_Exercise goal_
Leaving the pictures aside, repeat every line below exactly.

_Information shown_
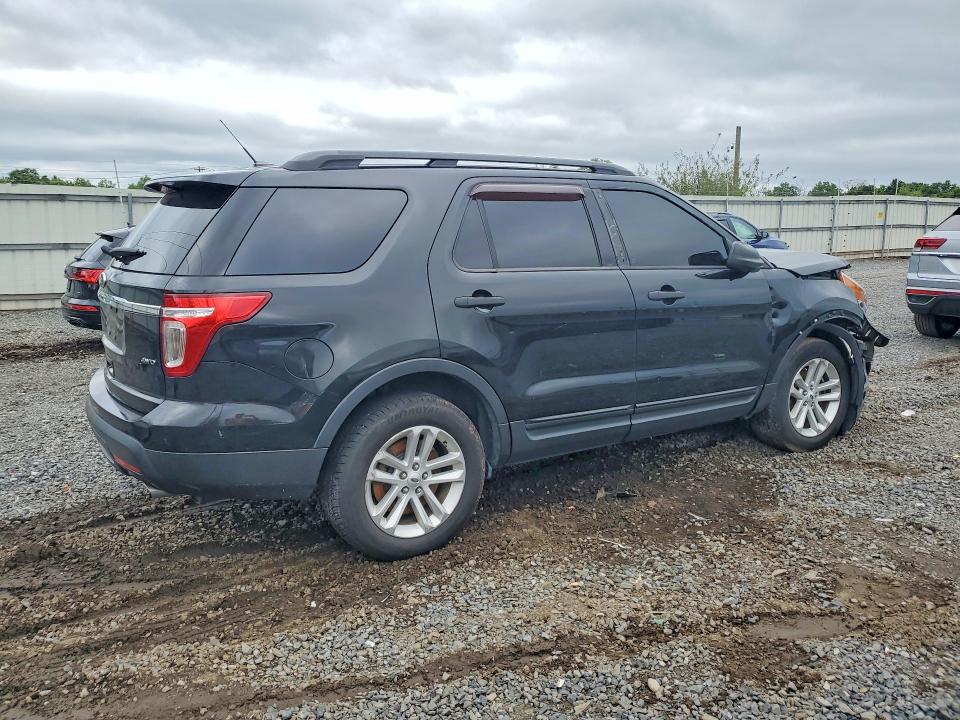 Aukcja sprzedaży 2015 Ford Explorer, vin: 1FM5K8B89FGA41773, numer aukcji: 63189906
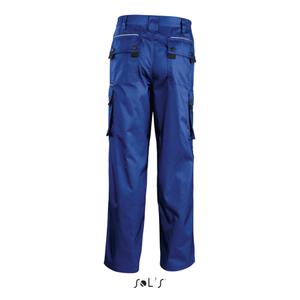 Work trousers Sol's Active Pro image-4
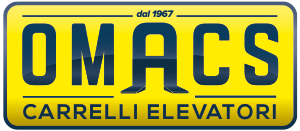 Omacs Carrelli Elevatori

_Answer_
 Aukcja sprzedaży 2015 Ford Explorer, vin: 1FM5K8B89FGA41773, numer aukcji: 63189906
 Work trousers Sol's Active Pro image-4
 Omacs Carrelli Elevatori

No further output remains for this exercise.